Seeing many binary searches here I will put mine, which is in my opinion much more clear and safe. Everybody knows that binary search is extremely prone to mistakes, especially for beginners, so here's my completely invulnerable to any mistakes approach.

int kl = 1, kp = 1e9, res = 0;
while (kl <= kp) {
  int cur = (kl + kp) / 2;
  if (Test(cur)) {
    res = cur;
    kl = cur + 1;
  } else {
    kp = cur - 1;
  }
}
return res;

What's so special?

First reason: I keep an invariant that interval [kl, kp] is something I don't know anything about. Stop condition is obvious — that interval is nonempty <=> (kl <= kp). Many people try to keep an invariant as sth like "I know that first element of my interval is good, about others I don't know" or "I know that first element is good, last is bad, rest unknown", but in my opinon this is much more complicated to maintain and demand much more thought about when to end this (look at this lo < hi - 1 in Xellos' code :<). Another kind of problems it omits are all about initialization, it may be also troublesome to those solutions with invariants other than mine.

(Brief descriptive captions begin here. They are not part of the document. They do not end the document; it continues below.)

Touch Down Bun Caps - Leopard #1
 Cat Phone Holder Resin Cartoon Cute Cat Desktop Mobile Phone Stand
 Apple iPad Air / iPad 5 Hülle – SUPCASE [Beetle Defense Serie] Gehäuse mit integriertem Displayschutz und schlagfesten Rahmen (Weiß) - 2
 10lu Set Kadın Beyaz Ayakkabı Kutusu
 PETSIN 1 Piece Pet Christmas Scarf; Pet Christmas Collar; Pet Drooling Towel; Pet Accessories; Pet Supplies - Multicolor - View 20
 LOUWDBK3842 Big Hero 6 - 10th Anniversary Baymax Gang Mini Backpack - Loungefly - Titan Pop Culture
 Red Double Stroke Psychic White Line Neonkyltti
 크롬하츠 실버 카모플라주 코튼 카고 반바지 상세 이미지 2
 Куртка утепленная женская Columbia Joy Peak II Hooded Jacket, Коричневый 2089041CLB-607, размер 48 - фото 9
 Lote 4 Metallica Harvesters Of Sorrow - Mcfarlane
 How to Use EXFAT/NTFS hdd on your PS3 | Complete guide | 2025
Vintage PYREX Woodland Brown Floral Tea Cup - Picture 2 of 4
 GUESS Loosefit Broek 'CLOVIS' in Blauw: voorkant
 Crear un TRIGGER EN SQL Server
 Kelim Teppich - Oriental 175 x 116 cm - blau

Second reason: It's invulnerable to any bugs like "if beginning is odd, end is even and checked value is not good, then blah, blah and I will end up in infinite loop" or "if beginning is negative, end is positive, then stupid division of negative numbers will cause rounding in bad side, so blahblah, infinite loop". I got those +1 and -1 in case of success or failure, so my search interval is clearly strictly shrinking, no matter what, being even/odd/positive/negative is of no relevance.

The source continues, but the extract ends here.